Chris and I had fantastic weather for our late season inspection of the apiary, but we weren’t there to do an actual inspection. At this time of year, there is virtually no risk of swarming and we are more likely to do more harm than good if we start to take the hive apart now, so we were there simply to assess how much honey has been produced and remove any complete super frames.
I took 16 full frames (just over 1.5 supers) from our one remaining hive, the National, and Chris took several supers of honey from his 10 hives.
We also encountered a bit of a locked room mystery! One of Chris’s queens had somehow managed to get through the queen excluder and lay down brood in a super. This is amazing as the queen excluder appeared to be intact. We can only think that she lost some weight and somehow managed to squeeze through!

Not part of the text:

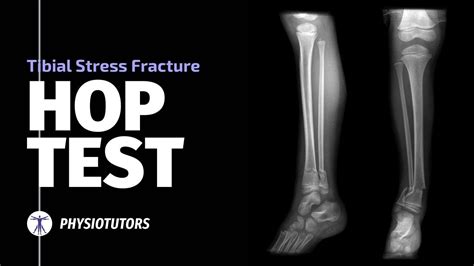 Hop Test | Tibial Stress Fractures - YouTube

We have left at least one super on all of the hives to ensure the bees have good stores for the winter, and if we are have a mild Autumn they may bring in more nectar and produce some more honey. Bees are such generous insects, producing way more honey than they actually need. Other honey producers - such as bumble bees - produce just enough for their own use but only a limited amount, however workaholic honeybees just keep on going. Yields this year are expected to be better than last year but are still below average however, possibly as a result of the drought. The honey we have harvested will all be extracted and jarred in due course.
I've also fitted a heavier-duty strap to the National this year, just in case we get any strong winds over the coming months. Several times in the past, wintry gusts at Honeydale have flipped the roofs off the hives.
We'll go back in a few weeks to see how the hives are doing, and also apply this years varroa treatment.